→ What is being asked
Your copy of the entries below should hold exactly the lines from the one containing "Hey guys, let's" to the one containing "I've added two", inclusive, and no pictures.

→ Exercise inputs
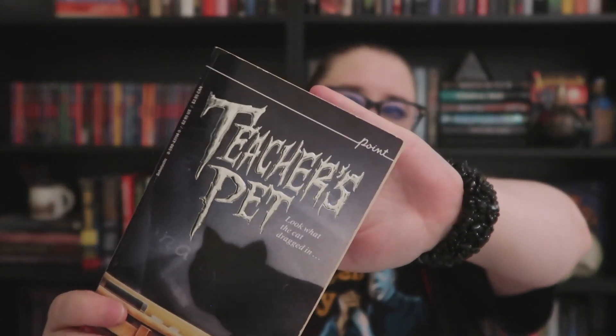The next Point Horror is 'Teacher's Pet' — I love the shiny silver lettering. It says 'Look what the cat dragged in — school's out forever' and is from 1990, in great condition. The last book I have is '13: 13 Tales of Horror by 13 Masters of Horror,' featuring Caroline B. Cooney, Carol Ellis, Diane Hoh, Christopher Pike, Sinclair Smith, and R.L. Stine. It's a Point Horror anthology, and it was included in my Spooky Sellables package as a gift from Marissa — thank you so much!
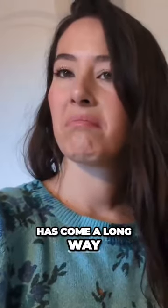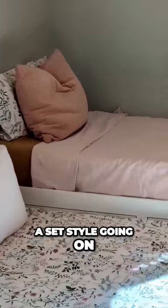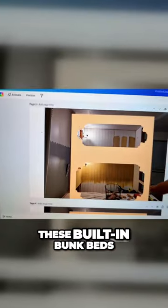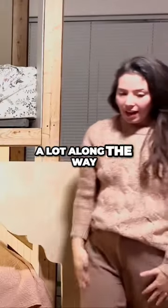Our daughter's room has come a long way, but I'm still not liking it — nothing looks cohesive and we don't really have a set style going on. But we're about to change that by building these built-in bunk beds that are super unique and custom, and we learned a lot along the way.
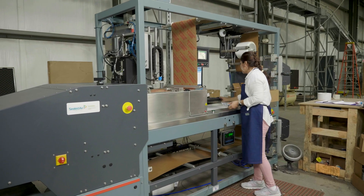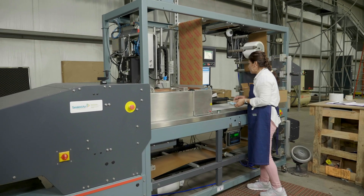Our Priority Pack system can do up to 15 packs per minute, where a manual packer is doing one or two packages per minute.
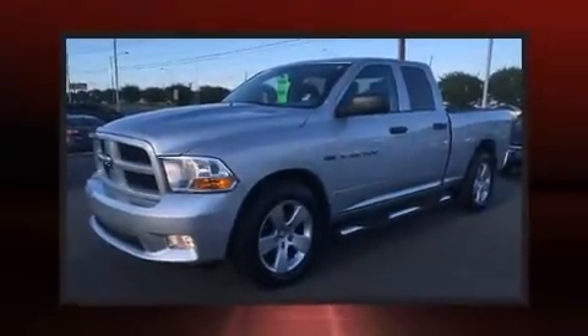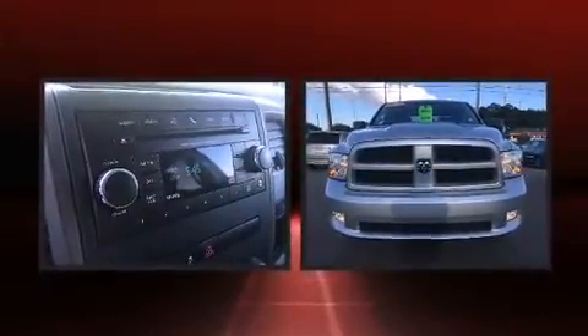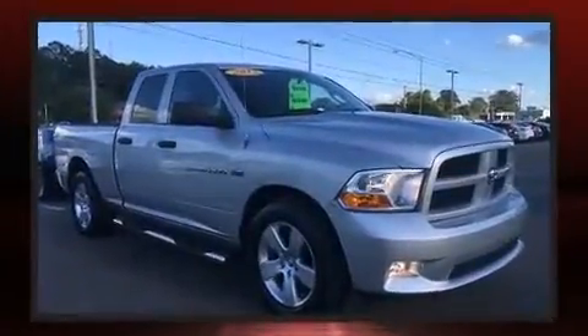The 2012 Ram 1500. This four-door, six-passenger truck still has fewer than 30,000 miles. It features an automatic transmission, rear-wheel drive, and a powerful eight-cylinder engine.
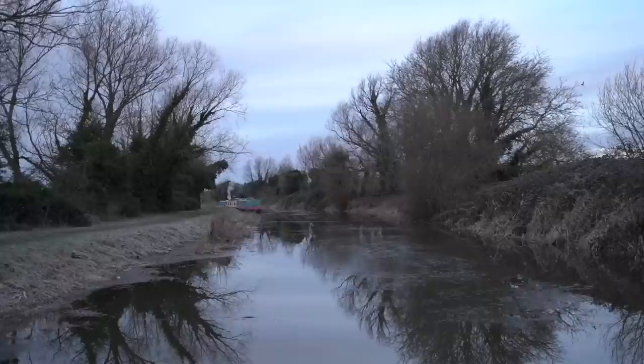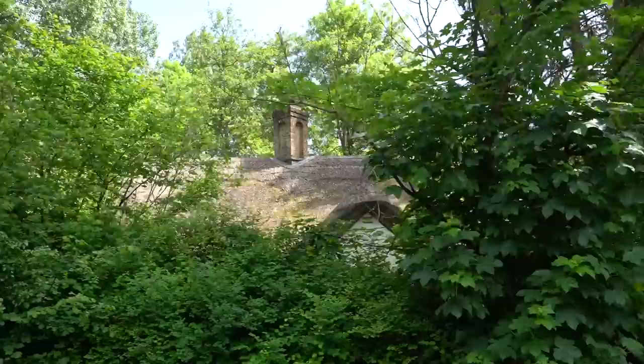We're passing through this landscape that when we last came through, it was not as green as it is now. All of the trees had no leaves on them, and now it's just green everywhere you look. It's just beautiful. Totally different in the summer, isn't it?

==

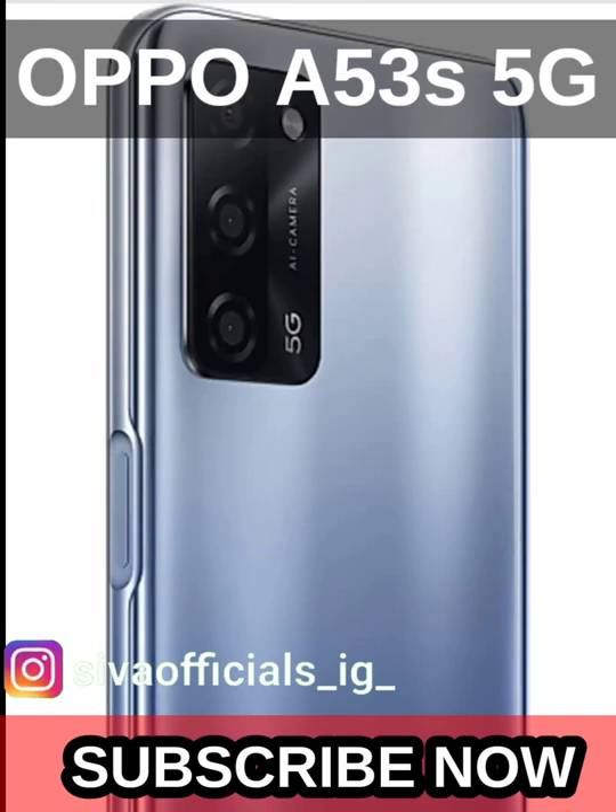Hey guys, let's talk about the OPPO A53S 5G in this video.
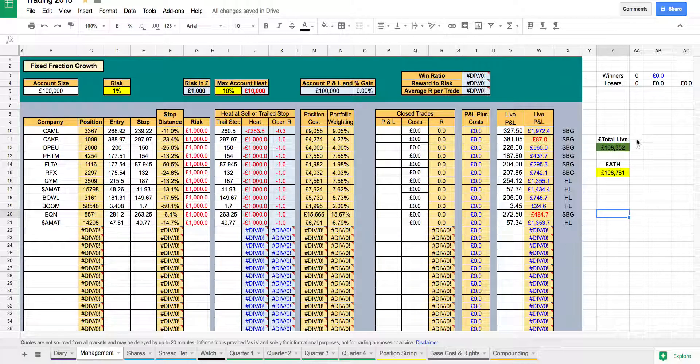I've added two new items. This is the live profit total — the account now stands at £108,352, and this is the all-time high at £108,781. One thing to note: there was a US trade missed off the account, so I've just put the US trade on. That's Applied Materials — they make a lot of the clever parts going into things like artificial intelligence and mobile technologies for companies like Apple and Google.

→ Task answer
Hey guys, let's talk about the OPPO A53S 5G in this video.
I've added two new items. This is the live profit total — the account now stands at £108,352, and this is the all-time high at £108,781. One thing to note: there was a US trade missed off the account, so I've just put the US trade on. That's Applied Materials — they make a lot of the clever parts going into things like artificial intelligence and mobile technologies for companies like Apple and Google.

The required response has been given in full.